Il y a bien eu des mises à pied temporaires en Ontario. Mais il y a plus: on craint que la convention collective de GM dans ses usines américaines, sensée comprimer les coûts de main-d'oeuvre et servir de modèle dans l'industrie, ne vienne miner l'avantage concurrentiel des usines des «Trois Grands» en Ontario.

Déjà que ces usines subissaient l'appréciation du dollar canadien. Voilà que leur avantage habituel pour le coût des bénéfices marginaux, en santé surtout, risquent de s'amoindrir considérablement du point de vue des patrons américains de l'auto .

«Cette nouvelle convention de GM aux États-Unis risque d'accentuer l'atrophie des activités manufacturières de GM, de Ford et de Chrysler en Ontario», avance Dennis DesRosiers, analyste torontois réputé de l'industrie.

Mais chez le syndicat des Travailleurs canadiens de l'automobile (TCA), qui représente 37 500 salariés chez GM, Ford et Chrysler, on croit peu à cette menace.

«Certes, la hausse du dollar est un problème pour toute notre industrie. Mais dans les usines d'assemblage, notre avantage concurrentiel des coûts de soins de santé demeure important. Et les travailleurs canadiens de l'automobile sont plus productifs que leur vis-à-vis américains», selon Buzz Hargrove, président des TCA.

Qui a tort, qui a raison?

La réponse se précisera dès l'an prochain, lors de la prochaine négociation des TCA avec GM, imitée ensuite par Ford et Chrysler.

D'autant qu'elle aura lieu alors que ces «Trois Grands» peinent plus que jamais avec le déclin de leurs parts de marché.

Au vaste complexe de GM à Oshawa, par exemple, l'arrêt prochain d'un autre quart de travail sur l'une des trois chaînes d'assemblage enverra 1200 salariés au chômage.

Un nombre équivalent de salariés seront affectés chez des fournisseurs de pièces et composantes de la région.

Cette portion moins connue de l'industrie automobile représente tout de même 80 000 emplois directs en Ontario.

Et elle est mise à mal depuis deux ans par l'appréciation du dollar, de même que la concurrence accrue de pays à faibles coûts de main- d'oeuvre, comme la Chine.

Malgré tout, des indices positifs persistent dans l'industrie automobile en Ontario.

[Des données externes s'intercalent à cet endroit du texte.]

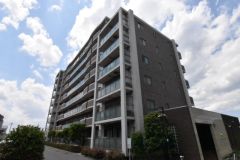 ��ʌ��������܎s�΋�厚���120-1�̃}���V�����̌����O��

Même parmi les «Trois Grands», en dépit de la rationalisation de leurs effectifs depuis des années.

GM, Ford et Chrysler achèvent chacune des modernisations de plusieurs centaines de millions de dollars dans leurs principales usines ontariennes.

Des investissements assistés, il faut dire, par une panoplie de subventions d'un demi-milliard de dollars provenant du gouvernement de l'Ontario et le fédéral.

Ces modernisations préparent la venue de nouveaux véhicules que tous espèrent plus concurrentiels sur le marché que leurs prédécesseurs.

Les Japonais

Les deux gros fabricants d'origine japonaise qui ont des usines en Ontario, Honda et Toyota, accroissent aussi leurs activités.

Mais à la différence des «Trois Grands», leurs usines existantes tournent encore à plein régime pour répondre à la demande, avec une main-d'oeuvre non-syndiquée, plus jeune et triée sur le volet.

Dans la petite localité d'Alliston, au nord de Toronto, Honda inaugurera bientôt une usine de moteurs de 155 millions, voisine de ses deux chaînes d'assemblage. Cette expansion créera 340 emplois directs.

Pour sa part, Toyota achève la construction d'une deuxième usine d'assemblage en Ontario, à quelques dizaines de kilomètres de sa première usine de Cambridge, juste à l'ouest de Toronto. Il s'agit d'un investissement d'un milliard, qui créera 2000 emplois directs.

Cette expansion de Toyota a aussi convaincu de nombreux fournisseurs de pièces, dont plusieurs japonais, à s'implanter ou à grossir leurs activités dans les environs.

Avec cet essor de Toyota et Honda, la région de Kitchener et de Cambridge connaît un boom économique.

Déjà qu'elle jouissait d'un essor technologique, inspiré par le succès de Research In Motion (RIM) et ses BlackBerry.

Le taux de chômage régional, à 5,6%, est l'un des plus bas en Ontario. Inférieur même de 140 points de base à celui du Grand Toronto (7%).

C'est tout le contraire de Windsor, la ville traditionnelle de l'automobile avec GM, Ford, et Chrysler, qui déprime à vue d'oeil.

Le taux de chômage à Windsor frôle les 10%.

En fait, en comparant ces deux villes de l'auto que sont Windsor et Kitchener, on a tout le symbole de l'industrie automobile en Ontario. Une industrie qui roule à deux vitesses.